John Whitehead is pretty sure we are just a single incident away from martial law.
I’m familiar with Whitehead’s writing; I’ve read a couple of his books and some of his articles over the years. While I don’t agree with some of his theological positions (he’s too Western-rationalist for me), I believe he’s got this prediction right.
Thus, the groundwork was laid for an imperial presidency and a potentially totalitarian government — a state of affairs that has not ended with Barack Obama’s ascension to the Oval Office, despite hopes to the contrary that President Obama would fully restore the balance between government and its citizens to a pre-Bush status quo. As Charlie Savage reports in the New York Times, “Signs suggest that the administration’s changes may turn out to be less sweeping than many had hoped or feared — prompting growing worry among civil liberties groups and a sense of vindication among supporters of Bush-era policies.”

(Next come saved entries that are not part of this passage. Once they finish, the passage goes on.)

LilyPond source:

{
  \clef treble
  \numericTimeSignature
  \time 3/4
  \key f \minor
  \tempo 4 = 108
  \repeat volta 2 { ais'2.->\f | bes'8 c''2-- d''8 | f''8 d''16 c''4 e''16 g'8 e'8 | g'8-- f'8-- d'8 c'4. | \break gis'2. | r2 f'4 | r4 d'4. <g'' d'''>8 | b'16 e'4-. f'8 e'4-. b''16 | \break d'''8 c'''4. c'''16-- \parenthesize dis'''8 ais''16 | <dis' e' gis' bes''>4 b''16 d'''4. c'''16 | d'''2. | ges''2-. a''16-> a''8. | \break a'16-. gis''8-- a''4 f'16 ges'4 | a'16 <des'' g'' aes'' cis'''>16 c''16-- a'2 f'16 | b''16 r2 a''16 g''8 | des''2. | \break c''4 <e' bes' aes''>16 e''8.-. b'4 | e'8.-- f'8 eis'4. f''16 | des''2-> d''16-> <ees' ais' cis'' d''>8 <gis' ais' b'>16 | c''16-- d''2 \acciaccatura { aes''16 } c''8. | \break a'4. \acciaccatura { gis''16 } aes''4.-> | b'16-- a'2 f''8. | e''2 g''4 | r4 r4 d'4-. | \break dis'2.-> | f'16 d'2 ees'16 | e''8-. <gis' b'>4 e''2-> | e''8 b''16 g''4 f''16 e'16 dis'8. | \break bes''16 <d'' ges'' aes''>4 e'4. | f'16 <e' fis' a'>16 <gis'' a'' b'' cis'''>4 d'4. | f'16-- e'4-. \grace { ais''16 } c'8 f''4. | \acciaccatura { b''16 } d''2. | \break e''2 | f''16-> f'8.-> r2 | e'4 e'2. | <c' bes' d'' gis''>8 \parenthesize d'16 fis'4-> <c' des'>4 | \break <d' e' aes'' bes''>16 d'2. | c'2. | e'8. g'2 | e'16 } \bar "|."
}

The fact is that the problem is bigger than Obama or any individual who occupies the White House. Indeed, once the government assumes expansive powers and crosses certain constitutional lines, it’s almost impossible to pull back.
Just consider some of the lines that have already been crossed.
He goes on to delineate what he feels are the strongest indicators for the high probability.
Let’s stop for a moment and think this through philosophically. Never mind my assertions about government legitimacy under the Covenant of Noah; consider the most obvious implications here. A certain amount of cyclical movement of a given economic system is expected by anyone with brains. The vagaries of human fashion and passion alone will account for that. Add in the cyclical flux of the natural order which contributes to economic shifting (droughts, plagues, etc.) and you cannot possibly keep things smooth. That’s the way it goes.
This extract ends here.